▶ _ASSIGNMENT_: Locate, in the data below, the line that contains "Teachers thought I" and the line that contains "Classical Musicians React: GIRLSET 'TWEAK'"; reproduce exactly those two lines and every line between them, nothing more.

▶ _GIVEN INFORMATION_:

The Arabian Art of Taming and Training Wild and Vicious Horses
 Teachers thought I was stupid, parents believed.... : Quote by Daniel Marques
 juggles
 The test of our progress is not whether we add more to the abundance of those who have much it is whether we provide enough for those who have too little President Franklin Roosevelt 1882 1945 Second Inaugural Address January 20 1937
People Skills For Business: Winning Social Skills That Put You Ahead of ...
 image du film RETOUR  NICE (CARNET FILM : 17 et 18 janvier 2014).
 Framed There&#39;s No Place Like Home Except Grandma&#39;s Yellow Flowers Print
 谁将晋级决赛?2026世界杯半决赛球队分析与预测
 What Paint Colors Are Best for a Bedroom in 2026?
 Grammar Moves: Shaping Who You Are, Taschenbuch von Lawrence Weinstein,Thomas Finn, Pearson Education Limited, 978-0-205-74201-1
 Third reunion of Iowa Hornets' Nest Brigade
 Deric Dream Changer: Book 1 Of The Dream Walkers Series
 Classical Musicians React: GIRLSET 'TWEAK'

* * *

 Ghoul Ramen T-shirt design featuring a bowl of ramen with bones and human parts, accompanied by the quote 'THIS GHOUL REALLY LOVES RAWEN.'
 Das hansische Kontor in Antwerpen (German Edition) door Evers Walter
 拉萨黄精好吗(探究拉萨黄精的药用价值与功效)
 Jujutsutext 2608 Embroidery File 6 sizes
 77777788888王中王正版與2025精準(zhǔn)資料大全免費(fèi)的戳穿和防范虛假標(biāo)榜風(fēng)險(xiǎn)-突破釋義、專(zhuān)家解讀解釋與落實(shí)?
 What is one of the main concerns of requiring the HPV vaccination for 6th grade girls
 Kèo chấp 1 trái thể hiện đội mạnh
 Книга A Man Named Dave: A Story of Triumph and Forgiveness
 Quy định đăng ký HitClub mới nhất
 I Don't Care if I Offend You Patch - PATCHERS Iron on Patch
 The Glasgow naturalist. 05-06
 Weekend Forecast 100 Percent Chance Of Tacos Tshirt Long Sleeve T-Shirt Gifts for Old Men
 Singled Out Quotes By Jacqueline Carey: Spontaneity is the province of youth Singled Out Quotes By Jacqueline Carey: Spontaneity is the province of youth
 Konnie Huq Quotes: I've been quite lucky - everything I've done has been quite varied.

---

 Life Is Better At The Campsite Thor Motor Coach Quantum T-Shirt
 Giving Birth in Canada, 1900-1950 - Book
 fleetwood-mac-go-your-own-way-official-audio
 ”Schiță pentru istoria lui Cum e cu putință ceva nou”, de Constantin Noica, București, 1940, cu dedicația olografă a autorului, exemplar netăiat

▶ _COMPLETED TASK_:
 Teachers thought I was stupid, parents believed.... : Quote by Daniel Marques
 juggles
 The test of our progress is not whether we add more to the abundance of those who have much it is whether we provide enough for those who have too little President Franklin Roosevelt 1882 1945 Second Inaugural Address January 20 1937
People Skills For Business: Winning Social Skills That Put You Ahead of ...
 image du film RETOUR  NICE (CARNET FILM : 17 et 18 janvier 2014).
 Framed There&#39;s No Place Like Home Except Grandma&#39;s Yellow Flowers Print
 谁将晋级决赛?2026世界杯半决赛球队分析与预测
 What Paint Colors Are Best for a Bedroom in 2026?
 Grammar Moves: Shaping Who You Are, Taschenbuch von Lawrence Weinstein,Thomas Finn, Pearson Education Limited, 978-0-205-74201-1
 Third reunion of Iowa Hornets' Nest Brigade
 Deric Dream Changer: Book 1 Of The Dream Walkers Series
 Classical Musicians React: GIRLSET 'TWEAK'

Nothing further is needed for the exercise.